Warning Headers

If you are not reading this article on plagiarismtoday.com, it is being scraped and the site you are reading this on is guilty of copyright infringement.

The above paragraph is not necessarily true, especially with my Creative Commons license, but many blogs have started putting similar warnings in the leads and footers of their articles in a bid to dissuade scrapers from taking their content. Undoubtedly, if you read many blogs, you’ve seen one or two yourself.

The question though is whether or not it is effective or worthwhile. Though the headers do produce amusing results from time to time, does it do anything to actually stop scraping and protect content.

Sadly, the answer appears to be no, though there may still be some merit to the strategy yet.

The Premise

The idea, as explained by Elaine Vigneault, is simple enough. Include, in your first paragraph, information about your domain and a note that any other site is probably a scraper. Then, when the scraper picks up the article, either in whole or summary, they’ll display the warning alerting any viewers of the scraped site to the infringement.

This, in turn, draws people to the original site and hurts the ability of the spammer to exploit the content.

An alternative to the plan calls for special periodic posts, such as this one on Dating Dames, that calls out scrapers and identifies scraping sites, such posts also often ask for help in identifying such scrapers.

All in all, both seem like a full proof plan, it is an easy, effective and fast way to shame scrapers. However, it rarely works out that way, not because the idea is bad, but because the dynamics of scraping will not allow it to work.

The Problems

Though the idea of putting warning headers and/or warning posts in a feed seems like a good idea, there are several problems with doing it.
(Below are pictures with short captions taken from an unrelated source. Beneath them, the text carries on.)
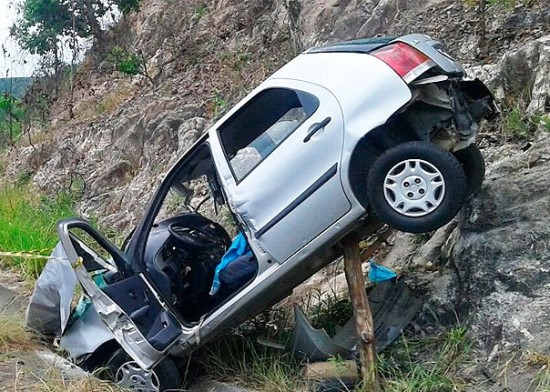 Acidente mata mulher na BR-101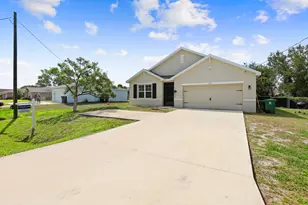 692 SW Paar Dr, Port Saint Lucie, FL 34953 - Photo 2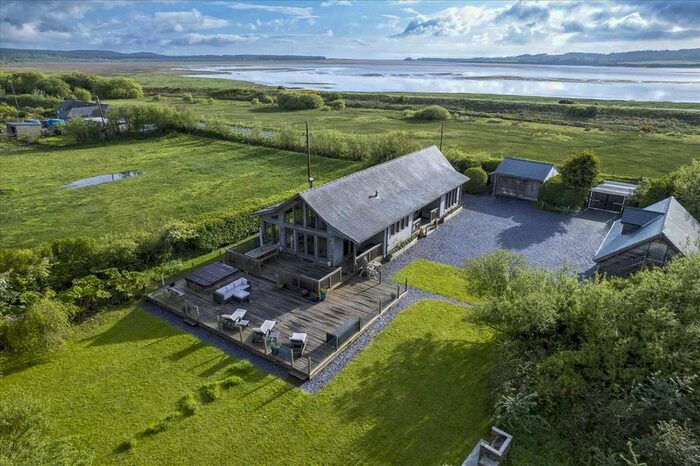 5 Bedroom Detached House For Sale In Malltraeth, Bodorgan, LL62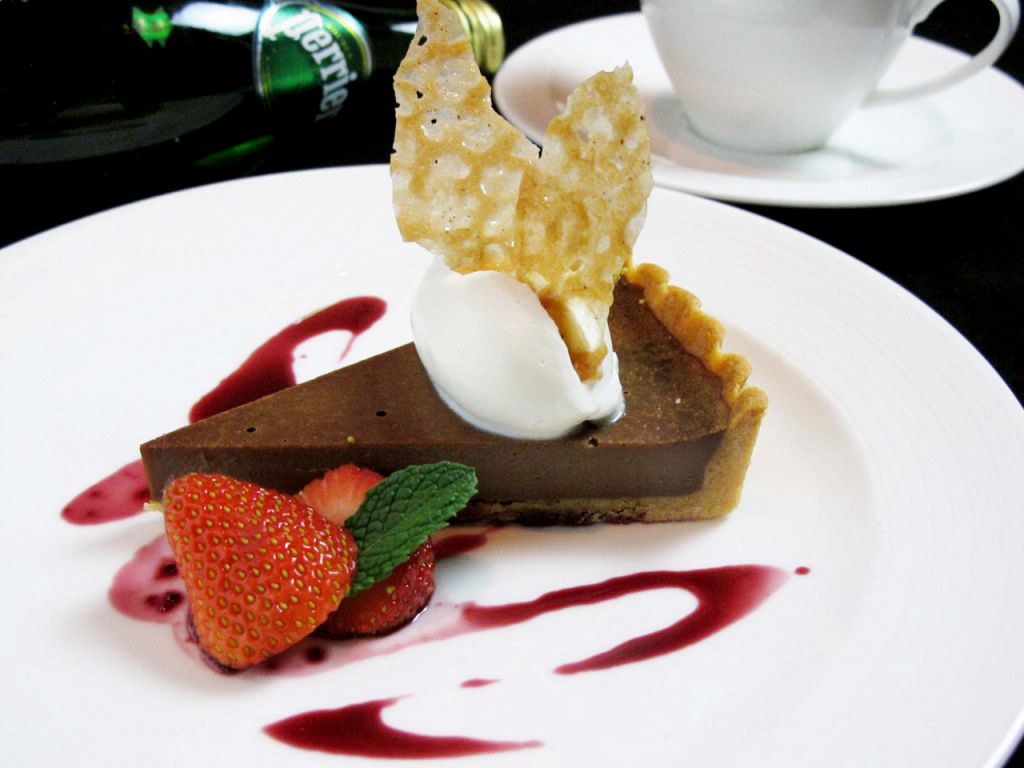 パティシエ特製デザートはコースはもちろん、カフェタイムでも楽しめます！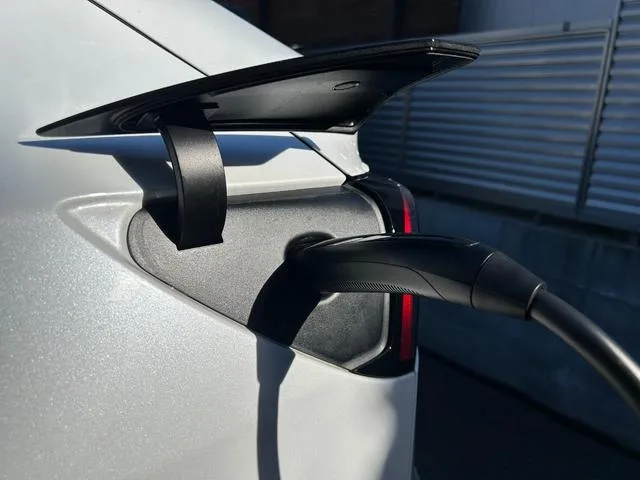 Tesla MODEL Y RWD 2023 — миниатюра 2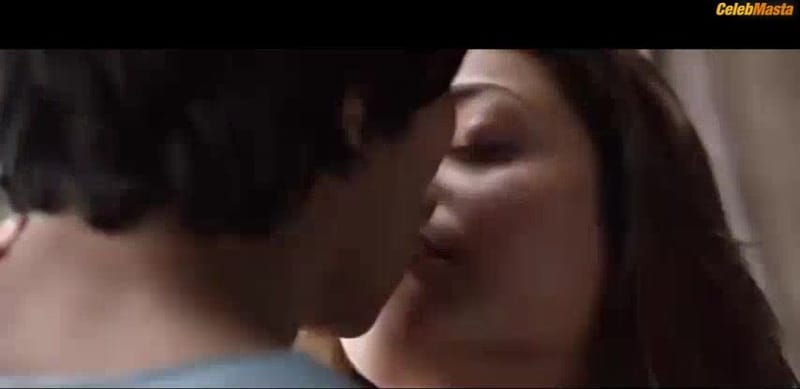 Kajal Agarwal Ass, Tits Scene from Do Lafzon Ki Kahani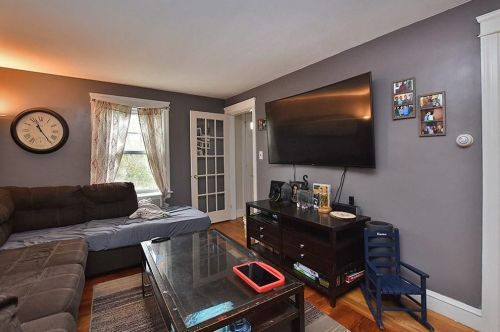 8 Knight St, Coventry, RI 02816-7235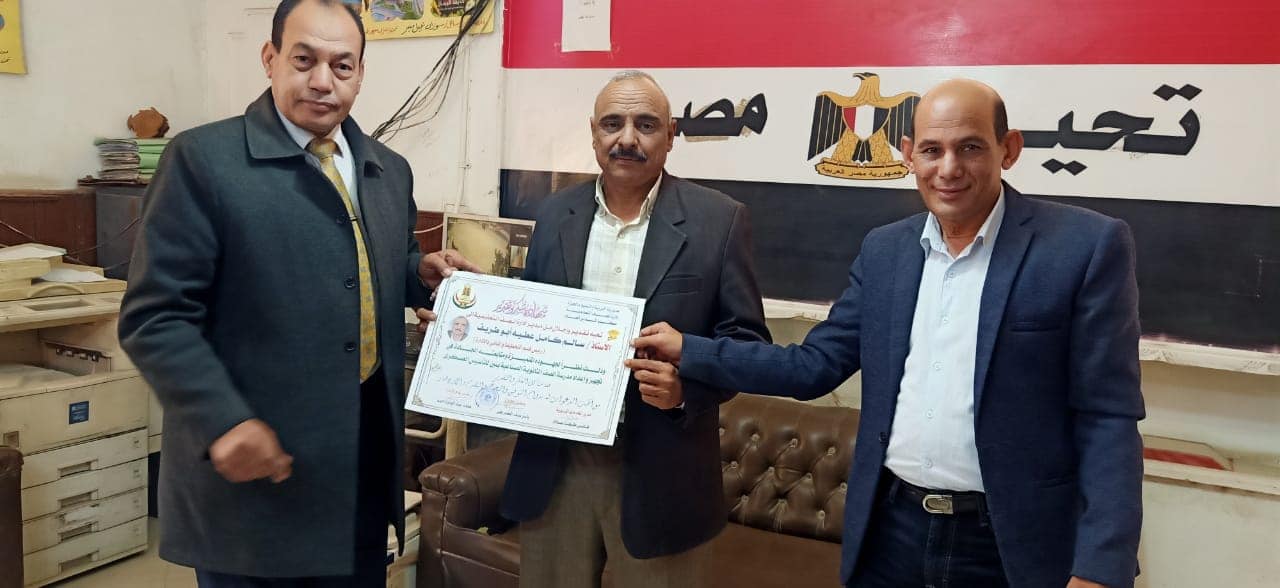 إدارة الصف التعليمية بجنوب الجيزة تكرم رئيس قسم التخطيط والمباني لجهوده المبذولة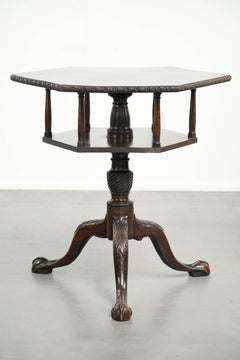 Antique wooden English rotating book table/side table from the 19th century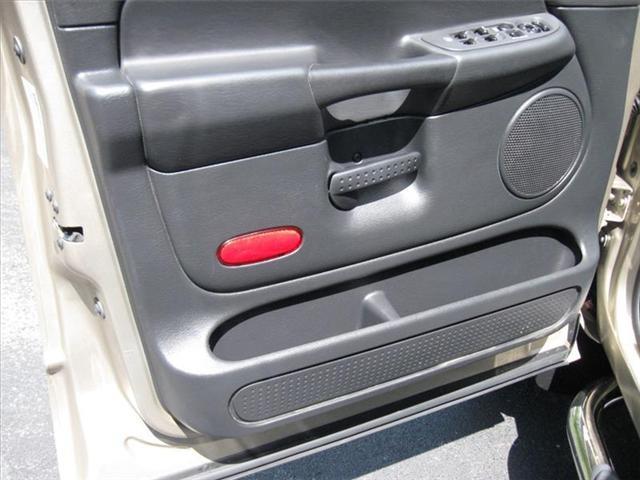 Dodge Ram 1500 2005 photo 11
  1. Most Scraping is Automated – Scraping is a “set and forget” operation. Most spammers don’t even look at their own sites once they are set up. They will never know that they have been shamed or take any action to rectify it. In short, the scraping doesn’t stop.
  2. Headers Not Always Grabbed – Most keyword scraping is done by using feeds from sites like Technorati and Google Blog Search. Those feeds only pull a few sentences of your content and only the few around the desired keyword. That, more often than not, is from the middle of the post and will almost never include a warning header. Furthermore, any whole posts dedicated to the issue will be ignored by this method.
  3. Not Meant for Human Eyes – The vast majority of scraped sites are not intended for human visitors, but to build up search engine reputation for other sites that appear more legitimate. If almost no people see them, then the warning does no good.
  4. Warnings Are Ignored – Most of the time, it’s easy to tell that a scraper site isn’t legitimate. The amateurish layout and overly dense keywords are instant clues. Only once, out of dozens of warnings I’ve seen, was I surprised that the scraper was not an original site. Even then though, most people don’t take the time to look up at their address bar. Furthermore, some scrapers use confusing addresses, such as subdomains, that can make it appear legit even with the warning.
  5. Negative Impact on Viewers – These warnings can cause a great deal of confusion to viewers reading in their personal RSS reader and, if on the site itself, can impact visitors there as well. It makes people distrust the site and, if they are using an online RSS reader, causes some to feel that they are violating copyright just by reading the feed.

But while this method of protecting content has many different flaws, it also has some merit. There is at least one way that warning messages can help protect your content, though not in the way many think.

One Advantage

Though warnings may not stop scraping or even effectively warn users, they can defend against one of the fears that comes with scraping, search engine penalties.

In short, many Webmasters understandably fear that scrapers, by publishing duplicate content to the Web, will either push their pages down in the rankings or even replace their own.

By including the domain and a link to the original site, search engines are better able to distinguish between the copy and the original, making it easier for them to penalize the infringing party.

With that in mind, such warning paragraphs become a quick and easy way to guard, not against user confusion or against scraping, but the search engine penalties that may come along with it.

Conclusions

However, to gain that benefit, there is no need to place a stern warning or message in the header or footer of the article. Instead, one is generally better served by linking to their own site throughout the article, including old entries, and adding a simple byline in the first or last paragraphs in the entries.

They may not be picked up, but they are more likely to be seen and noticed than any warning and they have far fewer repercussions.

It’s a simple, easy and even productive step that you can take to minimize the impact of content theft. In addition to helping the search engines detect scraping, it can also aid your visitors in finding old, bust still useful, entries and increases the overall SEO of your site.

The bottom line is that, while placing warnings in the headers of posts may be a flawed strategy, the concept of tagging work as your own is a sound one. The secret though is in how you do it.

A smart strategy helps everyone while increasing the protection, a bad one protects nothing but risks turning off legitimate readers.

The choice, when it is all said and done, is simple.